React models

react-1 introduces the first performance control primitive for video editing. react-1 can synchronize the lip movements, facial expressions, and head movements to match a target audio, while following an emotional prompt. We describe a couple of workflows below that are only possible using react-1.

Key Features

  • Model Modes: You can choose which facial region to edit: just the mouth, or the facial expressions, or even the head movements
  • Expressive lipsync: react-1 operates on a much larger facial region, giving you the the most expressive mouth movements that match the speech
  • Facial Expressions: facial expressions rewritten using an emotion prompt. and every tiny micro-expressions are perfectly in sync with the speech.
  • Head Movements: react-1 can also synchronize your head movements to match the pacing, prosody, and intonation of the new dialogue.

Model modes

The model can be controlled with three modes of operation: lips, face, and head.

This allows you to specify the spatial region you want to edit. You can only opt for lipsync, or additionally choose for facial expressions or head movements as well. The default is face.

ModeLipsyncFacial ExpressionsHead Movements
lips
face
head

Emotion prompts

You can guide the facial expressions by specifying the emotion prompts. You can also choose not to specify one, in which case, the model will follow the emotional context of the input video. Please see usage below for more details.

Usage

react-1 is available through the same /v2/generate API endpoint used for standard lipsync, with additional parameters to control the emotional and movement effects.

To use react-1 with the API, set the model parameter to react-1 and configure the additional options:

1from sync import Sync
2from sync.common import Audio, Video, GenerationOptions
3
4sync = Sync()
5
6response = sync.generations.create(
7 input=[
8 Video(url="https://assets.sync.so/docs/example-video.mp4"),
9 Audio(url="https://assets.sync.so/docs/example-audio.wav")
10 ],
11 model="react-1",
12 options=GenerationOptions(
13 prompt="happy",
14 model_mode="face"
15 )
16)

API Parameters

model

Set to react-1 to use the react-1 model.

options.model_mode

Controls the edit region and movement scope for the model. Available options:

  • lips: Only lipsync using react-1 (minimal facial changes)
  • face (default): Lipsync + facial expressions without head movements
  • head: Lipsync + facial expressions + natural talking head movements

The model_mode parameter only works with the react-1 model. For other models, this parameter is ignored.

options.prompt

Emotion prompt for the generation. Currently supports single-word emotions only.

Available options:

  • happy
  • angry
  • sad
  • neutral
  • disgusted
  • surprised

The prompt parameter only works with the react-1 model. For other models, this parameter is ignored.

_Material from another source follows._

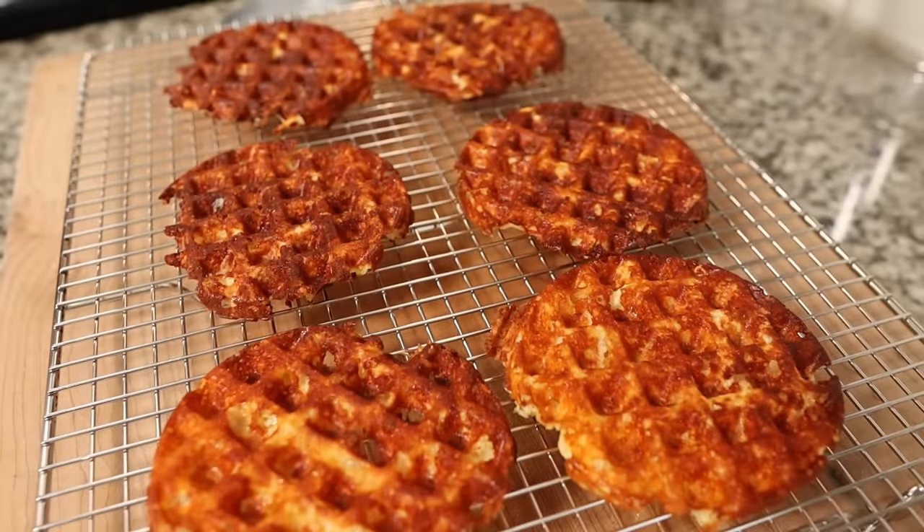We're going to show you guys how to make our new chaffle recipe for 2023. It's crispy, it's crunchy, and it has less than one net carb. Can you improve on perfection? We're going to today.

react-1 is available in Sync Studio with an intuitive interface for controlling emotional expressions and head movements.

2

Select your assets

Upload or select your video and audio inputs. Remember that react-1 supports inputs up to 15 seconds in duration.

3

Choose react-1 model

Select react-1 from the model dropdown in the generation settings.

4

Configure model mode

Choose your desired model mode:

  • Lips: For lipsync only
  • Face: For lipsync with facial expressions (default)
  • Head: For lipsync with facial expressions and natural head movements
5

Change expression

Select an expression from the emotion wheel by clicking in the video player controls.

6

Generate

Click generate to create your lipsync with emotional expressions and optional head movements.

Best Practices

Choose the Right Mode
  • Use lips mode when you only need lipsync without emotional changes
  • Use face mode (default) for most use cases where you want natural expressions
  • Use head mode when you want the most dynamic and natural talking head movements
Select Appropriate Emotions

Choose emotion prompts that match the tone and context of your audio. The model will generate facial expressions that align with the selected emotion throughout the generation.

Input Duration

Keep your inputs under 15 seconds. For longer content, break your video into segments and process them separately, or use the standard lipsync models for longer durations.

Current Limitations

The following features are not yet supported for react-1:

  • Input Duration: react-1 supports inputs up to 15 seconds in duration. For longer content, consider breaking your video into segments.
  • Segments: Multi-segment generation with different audio inputs is not available. Process each segment separately if needed.
  • Speaker Selection: The active_speaker_detection option is not supported, including both automatic detection (auto_detect) and manual selection via bounding box or frame number. Ensure your input video contains a single, clearly visible speaker.
  • Occlusion detection: The occlusion_detection_enabled option for handling partially hidden faces is not available for react-1.

When to use react-1

react-1 is ideal for:

  • Short-form content (≤ 15 seconds) requiring emotional expressions
  • Videos where natural head movements enhance the result
  • Content that benefits from emotion-aware facial expressions
  • Projects where you want more dynamic and expressive lipsync results

For longer content (> 15 seconds) or when you only need standard lipsync, consider using lipsync-2 or lipsync-2-pro instead.